Un nouveau baryon de type proton a été découvert suite à une mise à niveau du Grand collisionneur de hadrons (LHC), selon l’Organisation européenne pour la recherche nucléaire (CERN). Quatre fois plus lourde que les protons ordinaires, la particule est dotée de deux quarks charm à la place des deux quarks up habituels. Cette découverte pourrait contribuer à améliorer notre compréhension de l’interaction forte, responsable de la cohésion des noyaux atomiques.
Composant tous les atomes de la matière, les quarks existent sous six formes différentes dites « saveurs » : les quarks up, les quarks down, les quarks charm, les quarks strange, les quarks top et les quarks bottom. Ils se combinent généralement par groupes de deux ou trois pour former soit des mésons, soit des baryons, les particules qui forment collectivement des hadrons.

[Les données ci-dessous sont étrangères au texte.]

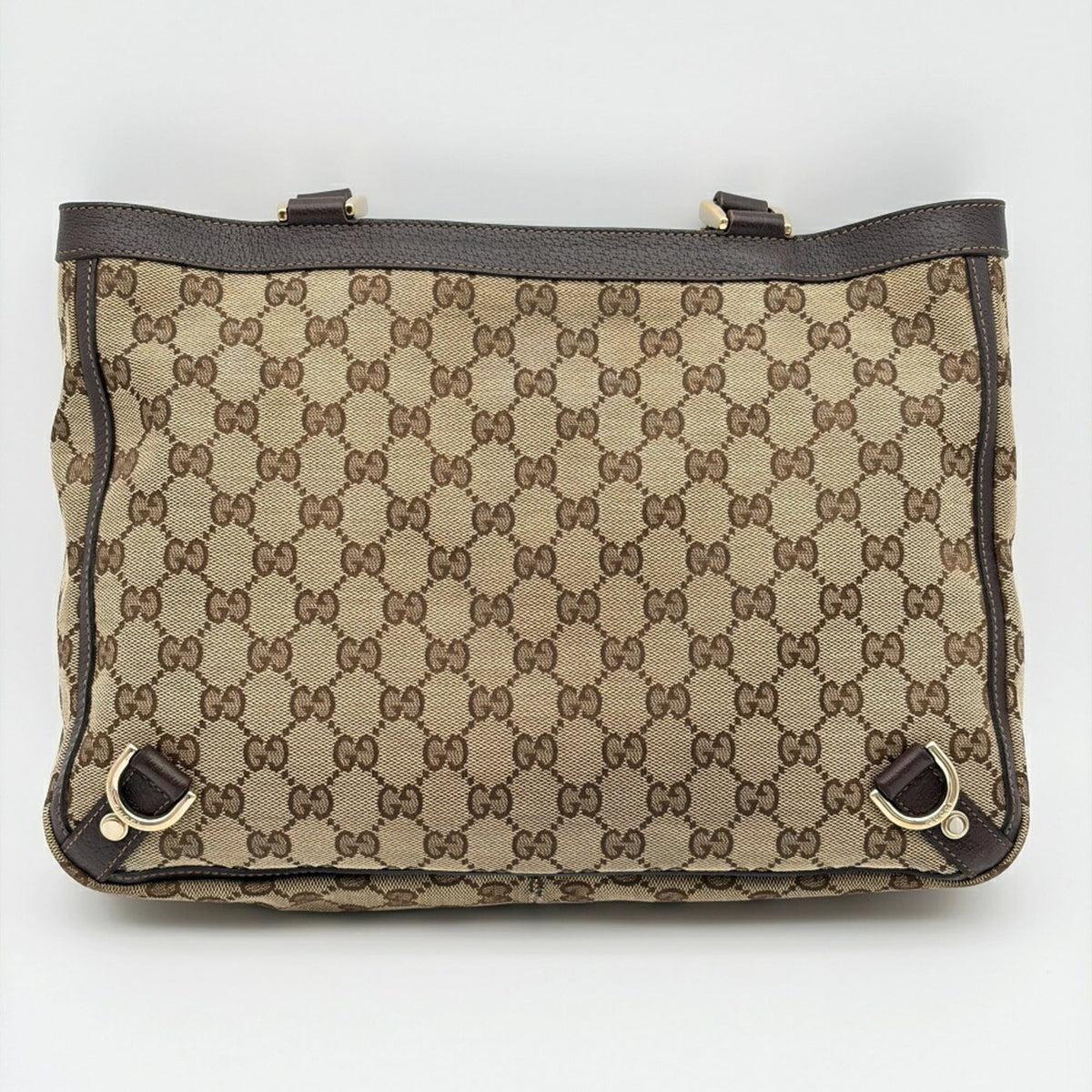 Gucci Beige Dark Brown Gg Canvas Leather Tote Bag (Pre-Owned)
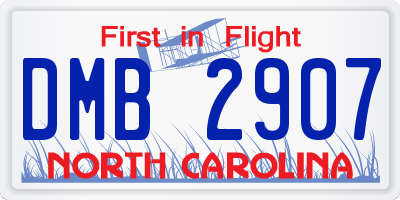 NC license plate DMB2907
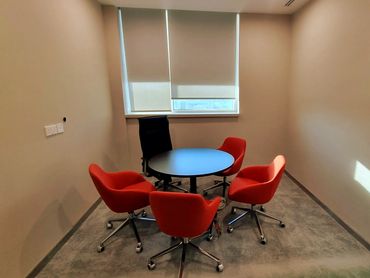 Office interior with glass partition in Dubai – modern design and functional workspace layout.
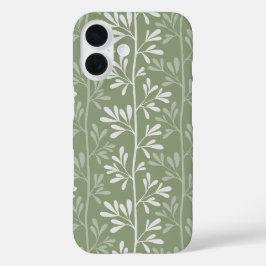 Funda iPhone 16 Tallos de jardín Zen minimalista verde salvia botá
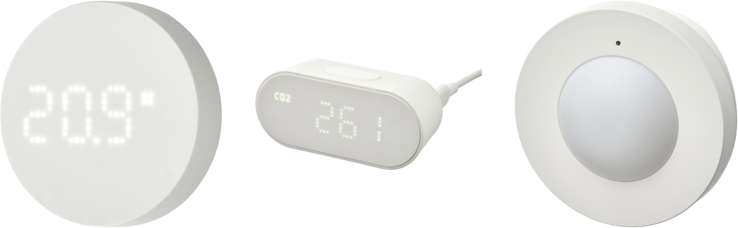 From left to right: the Timmerflotte temperature and humidity sensor, the Alpstuga air quality monitor and the Myggspray Wireless motion sensor. (Image source: ifun.de)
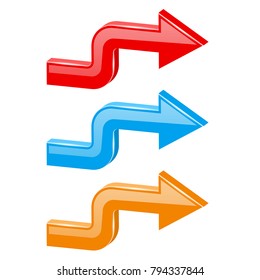 Colored 3d arrows, right turn. Vector illustration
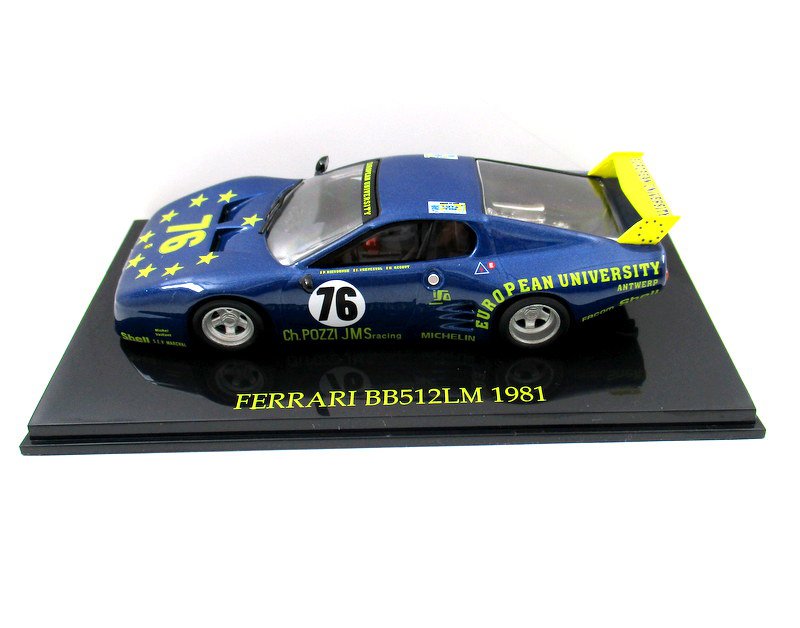FERRARI BB512LM #76 24h LeMans YEAR 1981 + SHOWCASE, BLUE ALTAYA SCALE 1:43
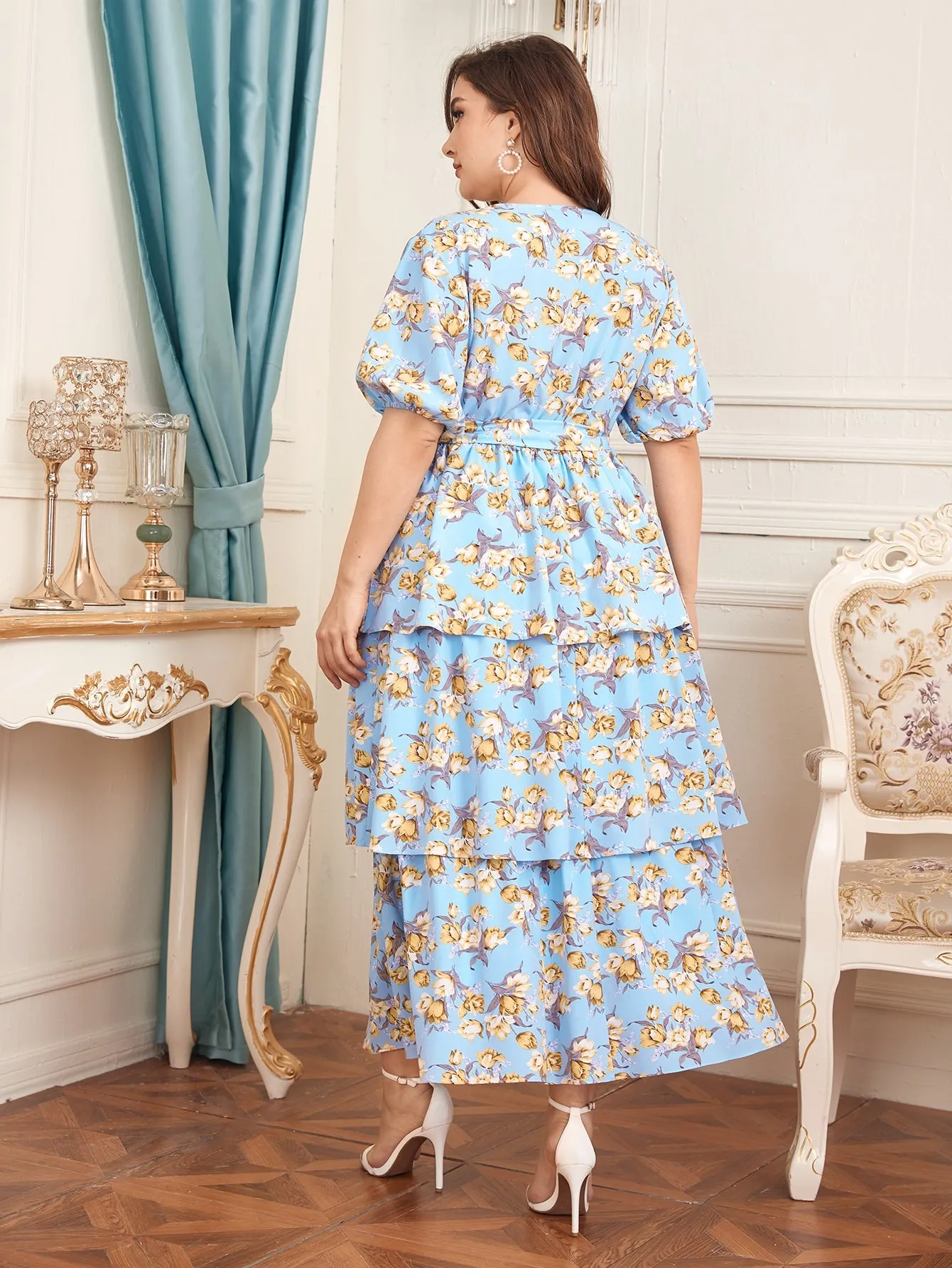Elegant Floral Tiered Layer Short Sleeve V Neck Layered/Tiered High Waist Maxi Plus Size Dress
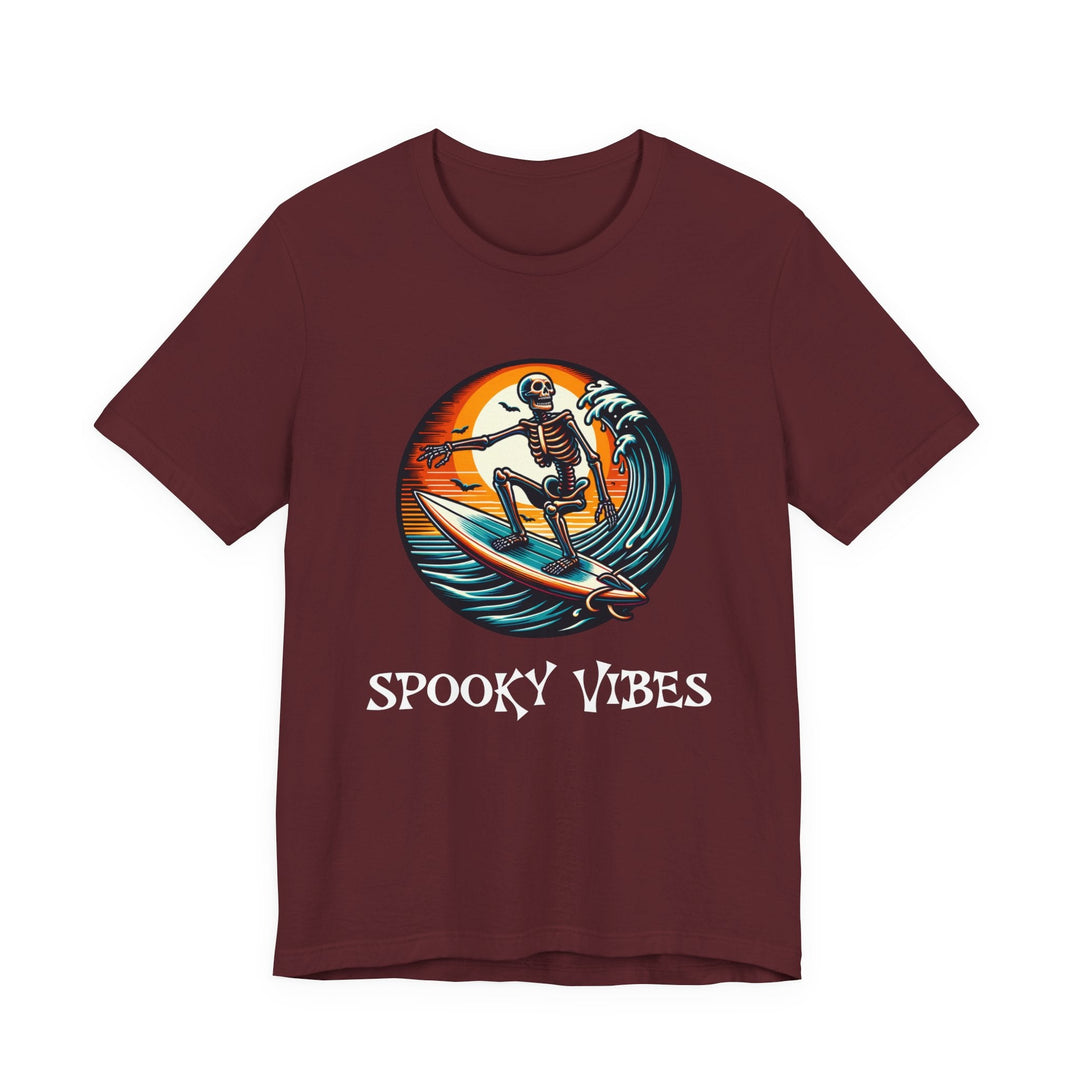 T-shirt Spooky Vibes – squelette surfeur vintage Halloween - MoodElle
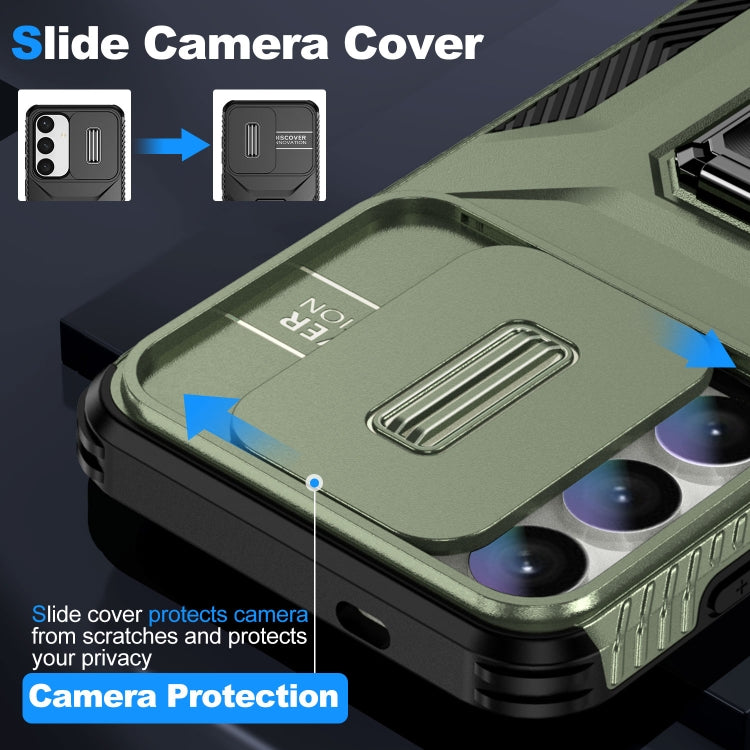For Samsung Galaxy S24+ 5G / S25+ 5G Sliding Camshield Holder Phone Case(Alpine Green) - Galaxy S24+ 5G Cases by buy2fix | Online Shopping UK | buy2fix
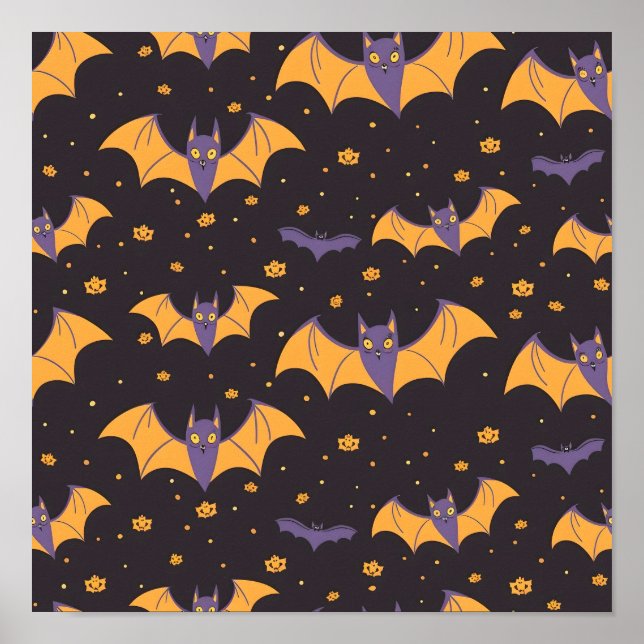 Poster Padrão Bats Cute (Frente)
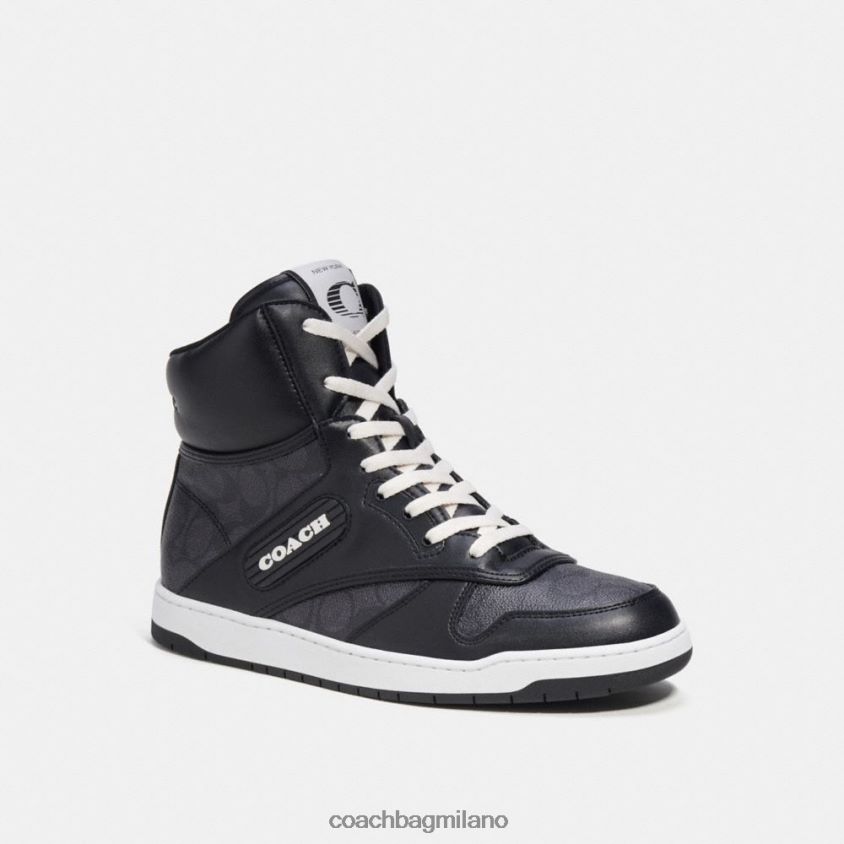 Coach uomini sneaker alta c202 in tela esclusiva carbone/nero FPN0Z8741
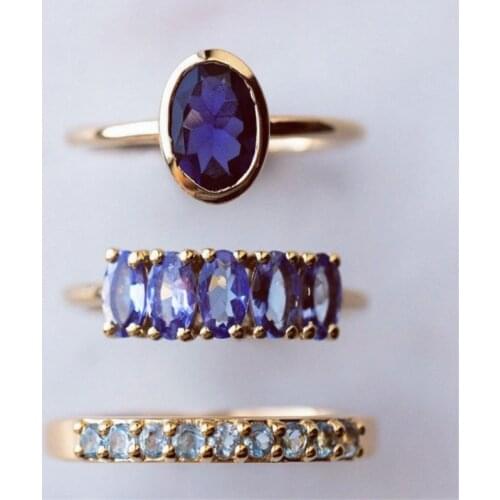 Classic 3 PCS/Set Fashion Blue Crystal Ring Set For Women European Europe and America Style Engagement Wedding Party Jewelry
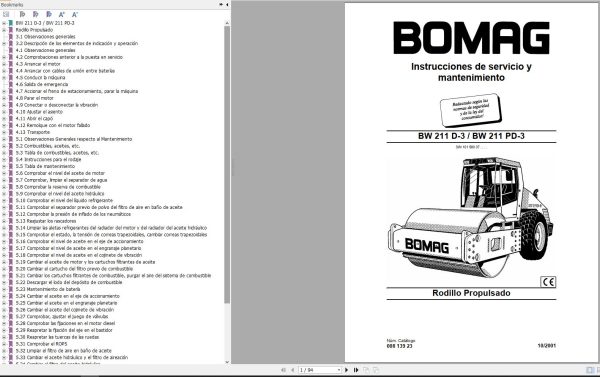 Bomag Machinery BW211PD 3 Service And Maintenance Instruction ES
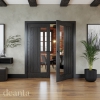 Deanta Internal Prefinished Brushed Black Oak Ely Side Light Doors [Clear Glass] - view 3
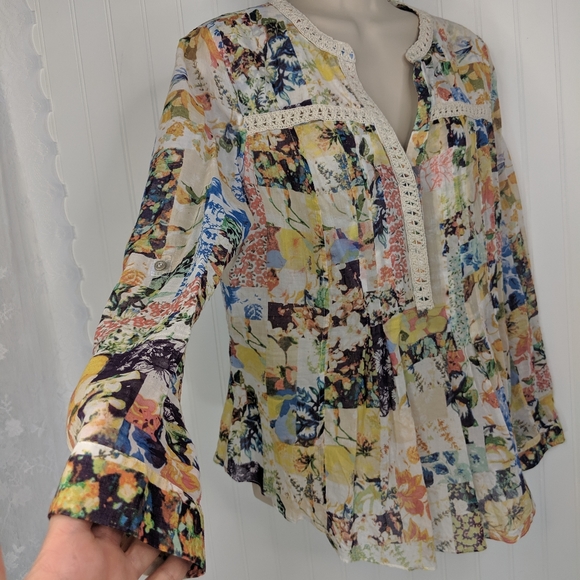Anthro Maeve Floral Crochet Trim Babydoll Blouse 6 - Picture 6 of 8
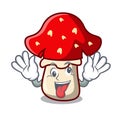 Crazy amanita mushroom mascot cartoon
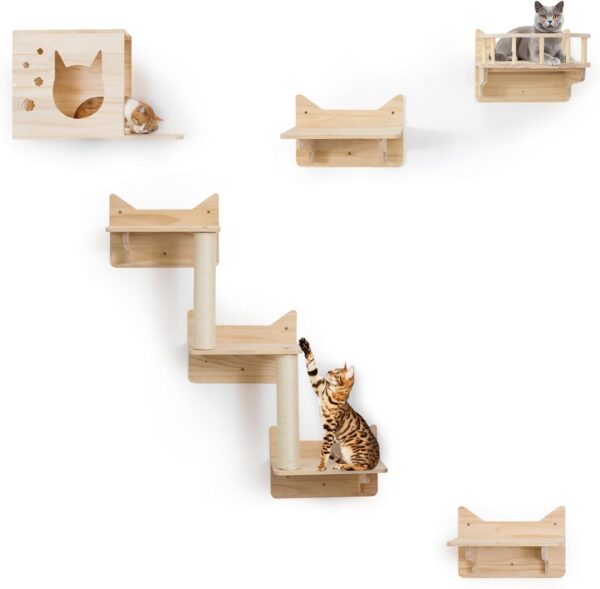 MIUZMORE Pine Cat Wall Frame Climbing Frame Set of 5 Cat Wall Furniture, Cat Shelves and Perches for Walls, Sisal Post Ladder, Cat Steps and Cat Travel Platform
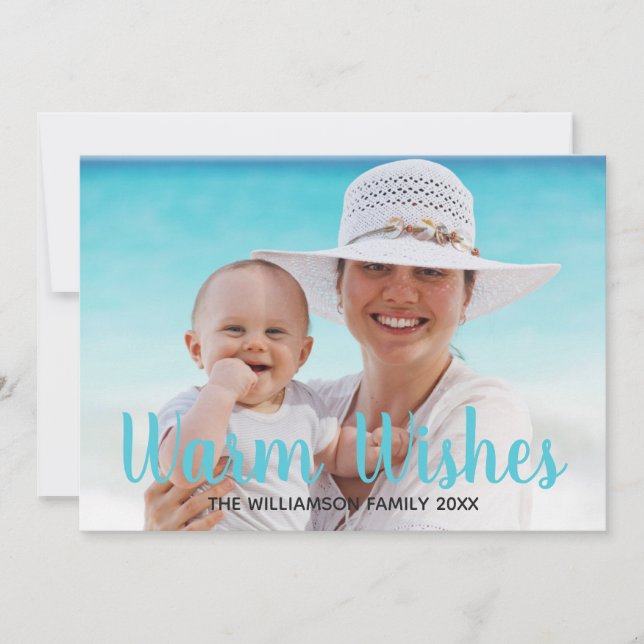Warm Wishes Turquoise Beach Christmas Photo Card (Front)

Les protons qui composent la matière ordinaire sont des hadrons de type baryon et sont composés de deux quarks up et un quark down. Il existe également des hadrons plus exotiques tels que les tétraquarks et les pentaquarks qui sont composés de quatre et cinq quarks respectivement. Cependant, contrairement au proton ordinaire qui est très stable, les hadrons exotiques ont une durée de vie très courte, rendant leur détection difficile.
Leur production nécessite des collisions de particules à haute énergie dans des conditions imitant celles juste après le Big Bang. Mais si leur instabilité intrinsèque rend leur détection directe difficile, leurs produits de désintégration sont plus stables et peuvent être détectés par les capteurs spécialisés des collisionneurs comme le LHC. Ces détections permettent ensuite de déduire les propriétés des particules initiales.
Baptisée Xi-cc-plus, la nouvelle particule détectée avec le LHC est un baryon également plus lourd que les protons ordinaires. Découverte dans le cadre de l’expérience LHCb, elle a été détectée suite à une mise à niveau de l’un des détecteurs du collisionneur et porte désormais à 80 le nombre total de hadrons observés par les expériences du LHC. La découverte a été présentée la semaine dernière à l’occasion de la conférence Moriond sur la physique des particules en Savoie, en France.
« Il s’agit de la première nouvelle particule identifiée depuis les améliorations apportées au détecteur LHCb en 2023, et seulement de la deuxième fois qu’un baryon composé de deux quarks lourds est observé, la première observation remontant à près de dix ans », explique Vincenzo Vagnoni, porte-parole de LHCb, dans un communiqué du CERN.
Deux quarks charm et un quark down
Xi-cc-plus possède deux quarks charm et un quark down, ce qui la rend quatre fois plus lourde que le proton ordinaire. Le consortium LHCb a découvert en 2017 une particule presque similaire avec deux quarks charm et un quark up, mais la seule différence est que le nouveau baryon possède un quark down à la place du quark up.
Cependant, malgré cette similitude, Xi-cc-plus a une durée de vie jusqu’à six fois plus courte que celle du baryon similaire découvert en 2017 en raison d’effets quantiques complexes, ce qui rend sa détection encore plus difficile. Les chercheurs estiment qu’elle survit moins d’un millionième de millionième de seconde avant de se désintégrer. L’équipe du LHCb a néanmoins détecté le nouveau baryon avec une signification statistique de 7 sigma, soit bien au-dessus du seuil des 5 sigma requis pour revendiquer une découverte.
« Il s’agit là de la première d’une longue série de découvertes attendues grâce au nouveau détecteur LHCb », a déclaré le professeur Tim Gershon de l’université de Warwick, qui prendra la direction internationale du projet LHCb en juillet, au Guardian. « La capacité de détection améliorée nous a permis de repérer la particule après seulement un an, alors que nous n’avions pas pu l’observer pendant les dix années de collecte de données réalisées avec le LHCb initial. »
« Ce résultat permettra aux théoriciens de tester les modèles de chromodynamique quantique, la théorie de l’interaction forte qui lie les quarks non seulement en baryons et mésons conventionnels, mais aussi en hadrons plus exotiques comme les tétraquarks et les pentaquarks », ajoute Vagnoni dans le communiqué.
L’interaction forte constitue la plus puissante des quatre interactions fondamentales de l’Univers. Elle assure la cohésion des quarks au sein des protons et des neutrons en les maintenant entre eux comme un élastique, c’est-à-dire en augmentant en intensité à mesure que les particules subatomiques sont distantes entre elles.